Anche il rito medioevale dell'apertura della Porta Santa ci è stato proposto in modo più essenziale da Francesco. Senza il martelletto che “bussava” all'uscio storico delle basiliche romane, Papa Bergoglio ha voluto sottolineare soltanto il gesto semplice, quasi leggero dell'apertura di ogni porta – sia nel cuore africano di Bangui che dentro l'abbraccio del Bernini a San Pietro – come simbolo eloquente del passaggio, della conversione. Un invito a non fermarsi all'esteriorità, compresa quella liturgica, bensì a penetrare i significati interiori di quel gesto, per scardinare piuttosto le nostre chiusure e le nostre resistenze.
Lo aveva esemplificato già nell'aprile scorso in quel formidabile vademecum che è la lettera “Misericordiae vultus” parlando dei carcerati: “Ogni volta che passeranno per la porta della loro cella, rivolgendo il pensiero e la preghiera al Padre, possa questo gesto significare per loro il passaggio della Porta Santa, perchè la Misericordia di Dio, capace di trasformare i cuori, è anche in grado di trasformare le sbarre in esperienza di libertà”.
Chissà allora cosa avranno pensato davanti a quelle immagini i detenuti di Spini di Gardolo, sostenuti dalla presenza di padre Fabrizio e degli altri volontari. O come avranno letto quelle parole i carcerati che attendono giustizia nelle carceri di Manaus, dove ricevono la visita del nostro missionario padre Gianni Poli…

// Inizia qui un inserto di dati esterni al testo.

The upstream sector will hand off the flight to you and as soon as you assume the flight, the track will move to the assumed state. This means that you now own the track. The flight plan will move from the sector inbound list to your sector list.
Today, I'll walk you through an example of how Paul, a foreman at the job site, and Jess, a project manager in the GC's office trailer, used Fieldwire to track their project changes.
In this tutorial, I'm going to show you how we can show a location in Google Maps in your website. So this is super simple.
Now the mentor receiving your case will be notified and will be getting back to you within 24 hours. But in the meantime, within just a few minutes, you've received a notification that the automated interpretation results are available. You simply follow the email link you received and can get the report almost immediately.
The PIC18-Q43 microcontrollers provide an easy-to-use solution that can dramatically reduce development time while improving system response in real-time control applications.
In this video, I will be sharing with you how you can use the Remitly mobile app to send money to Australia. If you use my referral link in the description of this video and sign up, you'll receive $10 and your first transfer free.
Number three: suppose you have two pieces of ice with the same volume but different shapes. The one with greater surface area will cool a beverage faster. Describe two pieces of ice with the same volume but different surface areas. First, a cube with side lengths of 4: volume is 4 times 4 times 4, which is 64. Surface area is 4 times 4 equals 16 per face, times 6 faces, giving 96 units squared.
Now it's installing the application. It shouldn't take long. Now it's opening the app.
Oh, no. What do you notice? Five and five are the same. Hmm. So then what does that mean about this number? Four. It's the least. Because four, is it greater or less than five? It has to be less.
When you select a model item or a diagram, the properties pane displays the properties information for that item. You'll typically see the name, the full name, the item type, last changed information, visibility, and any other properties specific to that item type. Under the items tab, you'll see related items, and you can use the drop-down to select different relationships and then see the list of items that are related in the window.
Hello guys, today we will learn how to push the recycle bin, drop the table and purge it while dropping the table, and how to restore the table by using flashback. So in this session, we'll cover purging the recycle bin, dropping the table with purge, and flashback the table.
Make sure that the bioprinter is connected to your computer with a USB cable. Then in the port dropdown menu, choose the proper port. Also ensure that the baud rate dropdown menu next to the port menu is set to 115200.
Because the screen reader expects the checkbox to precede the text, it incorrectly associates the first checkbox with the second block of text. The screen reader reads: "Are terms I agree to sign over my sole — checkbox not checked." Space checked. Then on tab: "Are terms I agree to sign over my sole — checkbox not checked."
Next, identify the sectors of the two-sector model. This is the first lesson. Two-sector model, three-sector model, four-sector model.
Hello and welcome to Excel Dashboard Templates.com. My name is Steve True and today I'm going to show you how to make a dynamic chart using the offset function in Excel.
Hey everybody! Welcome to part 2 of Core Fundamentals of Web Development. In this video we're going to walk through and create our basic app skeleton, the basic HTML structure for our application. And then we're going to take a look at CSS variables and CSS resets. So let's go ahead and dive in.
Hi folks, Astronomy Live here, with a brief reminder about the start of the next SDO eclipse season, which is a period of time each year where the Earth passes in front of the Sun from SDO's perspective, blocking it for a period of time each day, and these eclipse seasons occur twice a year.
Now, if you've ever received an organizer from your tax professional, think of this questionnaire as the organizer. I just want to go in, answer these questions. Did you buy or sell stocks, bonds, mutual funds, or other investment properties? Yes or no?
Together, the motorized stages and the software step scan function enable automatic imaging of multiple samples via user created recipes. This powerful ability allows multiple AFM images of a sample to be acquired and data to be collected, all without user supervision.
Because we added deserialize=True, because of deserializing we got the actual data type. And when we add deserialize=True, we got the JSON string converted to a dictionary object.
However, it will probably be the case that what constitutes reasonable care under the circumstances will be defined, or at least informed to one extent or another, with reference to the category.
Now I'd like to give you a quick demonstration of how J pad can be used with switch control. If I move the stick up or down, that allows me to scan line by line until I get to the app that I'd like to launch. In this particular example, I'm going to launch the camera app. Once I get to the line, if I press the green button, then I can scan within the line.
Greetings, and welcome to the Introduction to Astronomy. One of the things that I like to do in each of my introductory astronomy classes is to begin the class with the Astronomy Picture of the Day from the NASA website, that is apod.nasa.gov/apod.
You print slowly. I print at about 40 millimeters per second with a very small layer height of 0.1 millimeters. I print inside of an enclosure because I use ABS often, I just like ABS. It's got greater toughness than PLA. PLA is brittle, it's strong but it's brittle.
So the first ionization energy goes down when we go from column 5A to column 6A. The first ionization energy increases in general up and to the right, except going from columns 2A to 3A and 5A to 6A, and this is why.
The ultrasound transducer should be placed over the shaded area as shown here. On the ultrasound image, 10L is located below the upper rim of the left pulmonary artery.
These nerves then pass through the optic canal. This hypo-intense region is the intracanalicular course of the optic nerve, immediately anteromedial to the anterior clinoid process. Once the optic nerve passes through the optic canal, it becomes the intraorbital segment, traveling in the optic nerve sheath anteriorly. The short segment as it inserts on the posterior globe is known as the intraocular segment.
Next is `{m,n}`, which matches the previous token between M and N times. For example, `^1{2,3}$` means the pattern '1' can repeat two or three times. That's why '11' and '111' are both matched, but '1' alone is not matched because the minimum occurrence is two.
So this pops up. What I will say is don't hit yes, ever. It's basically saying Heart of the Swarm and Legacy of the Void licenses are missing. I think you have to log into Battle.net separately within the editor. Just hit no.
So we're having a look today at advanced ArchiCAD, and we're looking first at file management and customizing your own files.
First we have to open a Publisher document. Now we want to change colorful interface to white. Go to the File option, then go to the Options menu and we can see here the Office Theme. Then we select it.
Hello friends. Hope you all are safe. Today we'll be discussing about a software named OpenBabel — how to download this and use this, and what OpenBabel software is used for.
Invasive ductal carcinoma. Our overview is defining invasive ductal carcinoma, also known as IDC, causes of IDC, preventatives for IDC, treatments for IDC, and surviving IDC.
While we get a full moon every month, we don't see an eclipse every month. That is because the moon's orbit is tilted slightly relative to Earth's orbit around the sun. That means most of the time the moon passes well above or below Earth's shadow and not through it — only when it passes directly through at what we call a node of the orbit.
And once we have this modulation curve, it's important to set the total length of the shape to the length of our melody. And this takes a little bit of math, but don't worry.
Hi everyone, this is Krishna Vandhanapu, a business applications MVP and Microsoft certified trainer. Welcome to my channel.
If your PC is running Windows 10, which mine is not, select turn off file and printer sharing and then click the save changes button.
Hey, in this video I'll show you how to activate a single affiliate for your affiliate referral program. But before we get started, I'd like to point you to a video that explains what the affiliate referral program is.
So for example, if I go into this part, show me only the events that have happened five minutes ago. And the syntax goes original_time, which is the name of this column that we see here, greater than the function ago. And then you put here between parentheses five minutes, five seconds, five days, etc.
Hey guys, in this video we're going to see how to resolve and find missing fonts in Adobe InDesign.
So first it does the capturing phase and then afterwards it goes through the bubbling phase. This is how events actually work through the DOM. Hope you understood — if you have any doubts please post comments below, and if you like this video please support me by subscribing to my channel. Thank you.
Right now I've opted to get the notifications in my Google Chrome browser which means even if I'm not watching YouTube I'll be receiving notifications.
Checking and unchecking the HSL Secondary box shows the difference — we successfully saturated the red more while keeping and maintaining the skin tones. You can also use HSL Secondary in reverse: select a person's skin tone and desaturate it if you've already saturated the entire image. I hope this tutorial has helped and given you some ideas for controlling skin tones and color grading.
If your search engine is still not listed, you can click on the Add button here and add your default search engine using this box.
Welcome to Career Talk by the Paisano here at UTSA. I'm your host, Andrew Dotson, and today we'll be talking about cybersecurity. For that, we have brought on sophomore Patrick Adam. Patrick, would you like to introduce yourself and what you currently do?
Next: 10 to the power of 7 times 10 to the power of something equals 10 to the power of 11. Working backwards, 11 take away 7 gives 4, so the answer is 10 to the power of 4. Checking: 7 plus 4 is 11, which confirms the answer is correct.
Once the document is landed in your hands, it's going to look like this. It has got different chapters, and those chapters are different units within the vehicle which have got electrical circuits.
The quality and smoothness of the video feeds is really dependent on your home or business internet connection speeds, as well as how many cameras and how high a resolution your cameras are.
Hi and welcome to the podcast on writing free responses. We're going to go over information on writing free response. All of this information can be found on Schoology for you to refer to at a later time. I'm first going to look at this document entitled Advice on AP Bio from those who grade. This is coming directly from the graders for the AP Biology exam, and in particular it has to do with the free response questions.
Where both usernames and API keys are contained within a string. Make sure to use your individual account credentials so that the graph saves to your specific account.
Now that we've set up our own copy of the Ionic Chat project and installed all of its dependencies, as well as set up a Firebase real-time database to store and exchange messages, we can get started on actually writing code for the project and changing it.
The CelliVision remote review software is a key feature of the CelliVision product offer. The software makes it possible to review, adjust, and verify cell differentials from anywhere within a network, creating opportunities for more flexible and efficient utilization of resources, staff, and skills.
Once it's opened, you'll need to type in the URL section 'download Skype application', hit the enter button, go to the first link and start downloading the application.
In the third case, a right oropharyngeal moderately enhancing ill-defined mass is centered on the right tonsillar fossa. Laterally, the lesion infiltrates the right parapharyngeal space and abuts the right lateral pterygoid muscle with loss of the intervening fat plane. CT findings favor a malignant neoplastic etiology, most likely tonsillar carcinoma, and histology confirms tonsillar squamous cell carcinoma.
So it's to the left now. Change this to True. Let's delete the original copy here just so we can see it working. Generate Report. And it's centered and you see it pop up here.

“Entrare per quella Porta – ha spiegato Papa Francesco martedì – significa scoprire la profondità della misericordia del Padre che tutti accoglie e ad ognuno va incontro personalmente. Sarà un Anno in cui crescere nella convinzione della misericordia. Quanto torto viene fatto a Dio e alla sua grazia, quando si afferma che i peccati sono puniti dal suo giudizio, senza anteporre invece che sono perdonati dalla sua misericordia”.
Parole sante che spingono a ripulire certa predicazione “fissata” su criteri colpevolizzanti e respingono il rischio di sentirsi sempre “giudici degli altri” più che avvocati di misericordia, cioè testimoni della tenerezza paterna e materna di Dio.
Questo Giubileo per tanti aspetti straordinario non è solo per chi è ingiustamente “schiavo”. E non si esaurisce certo con la visita alla “Bonomelli”, storico asilo notturno in riva all'Adige dove domenica 13 dicembre mons. Bressan aprirà simbolicamente una porta di carità. E' lo stesso Arcivescovo a segnalarlo nella lettera per l'Anno Santo in cui ci invita a cogliere il valore personale del Giubileo, ma offre anche precise indicazioni alle comunità. Tra l'altro raccomanda uno spirito di pastorale d'insieme al quale anche i nuovi movimenti ecclesiali dovrebbero farsi sempre più attenti.
Merita attenzione anche l'insistenza sulle opere di misericordia correttamente intese, corporali sì ma anche spirituali, da guardare con uno spirito positivo, semina di speranza. E allora anche l'accoglienza ai profughi nelle vecchie canoniche, la destinazione della ex casa del clero in via Saluga, la vendita di Villa O Santissima ad una cooperativa sociale possono diventare gesti dal sapore giubilare, come ha ricordato don Andrea Decarli nella riflessione dell'Immacolata per il nuovo polo culturale. Che se sarà servizio della carità intellettuale potrà rivelarsi davvero un ambiente di relazioni rinnovate e di fruttuoso dialogo interculturale.